There is a process in which to control your thought process. You must drive the control mechanism. This control can be obtained by, what many refer to as “meditation”, or general relaxation techniques. We have all heard the value of meditation, particularly from the east, who have mastered the basic principles of meditation, and have acquired the ability to reap the benefits of “clarity of thought”. This idea is monumental in our quest to be at our very best. Here are some simple scenarios to help you get started in “recapturing” the brain thought process.
- Sitting comfortably by a lake. Very gentle breeze brushing across your exposed skin. Listen for the cries of small birds as they flutter between the trees.
- Sitting atop a mountain peak. Your line of sight extends hundreds of miles in every direction. Cool mountain air envelopes you as you hear the cries of a distant eagle.
These types of scenarios can get us into a relaxed state to foster the clearing of the mind.
Many feel as if meditation is a waste of time, and leads to very little, however, let me say that the masters of the east will strongly disagree with that sentiment, as do I. Just sit down, relax. Let your shoulders down. Rest your head upon something comfortable. Close your eyes. Picture one of the scenes described above. Full breath in, and full breath out. Relax. Focus on the details of the imagery described above. The more details the better. Breath in, breath out. No rush. Relax all your muscles consciously. Feel as if you are “sinking” within your own body. Slow, steady breaths. Breathe in through your nose, and breath out through your mouth. Full breath in, and full breath out. To accomplish the objectives, you want to stay awake.

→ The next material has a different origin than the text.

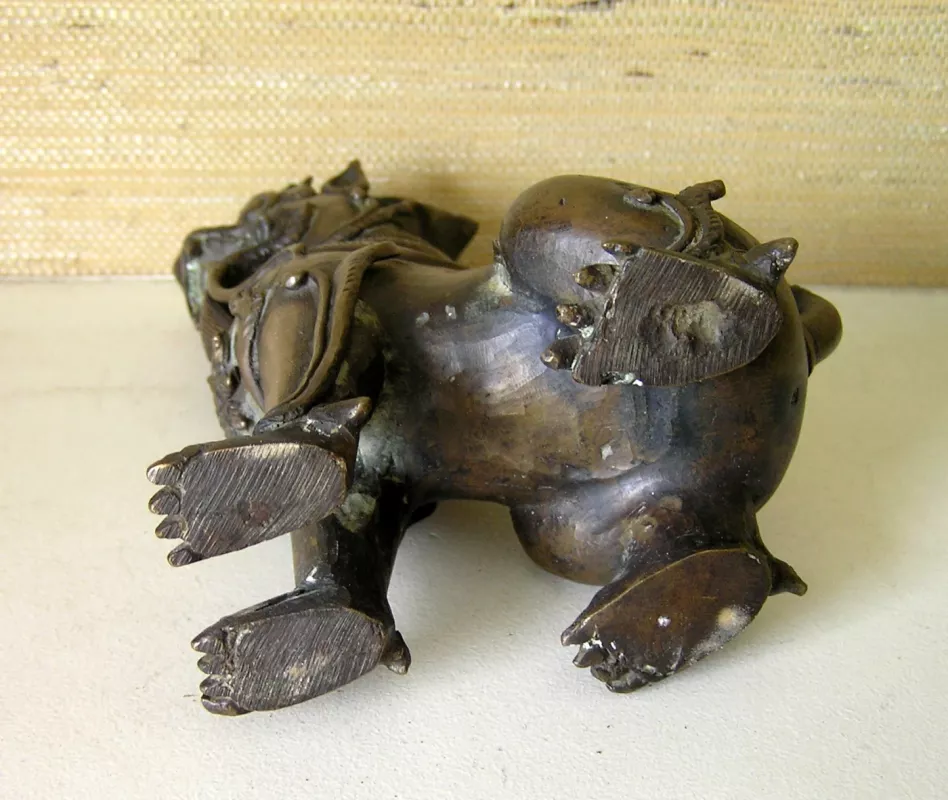 Kambodžos šventyklos sargo statula (Singha) - , namai ir interjeras 6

Even by taking fifteen (15) minutes a day can help you clear your mind and reset everything. By making this a habit, you’ll ultimately reset the brain’s ability to process the necessary thoughts. We can better focus on one thing at a time. Those things in our life that we can not change, we allow to continue to be. We turn away from them. Let them go. Those things that we have entrusted to others, we give them the opportunity to handle it. We don’t need to second guess them, or keep them on our minds processing queue. Let it go. Finally, we arrive at the things that we need or want to change. These are the things we can focus on. One at a time. Think about them, develop a solution. In many cases I find that writing down the solution allows me better recall of it when necessary. Once you feel as if you have a solution, move on to the next issue. One at a time. Don’t allow yourself to become overwhelmed.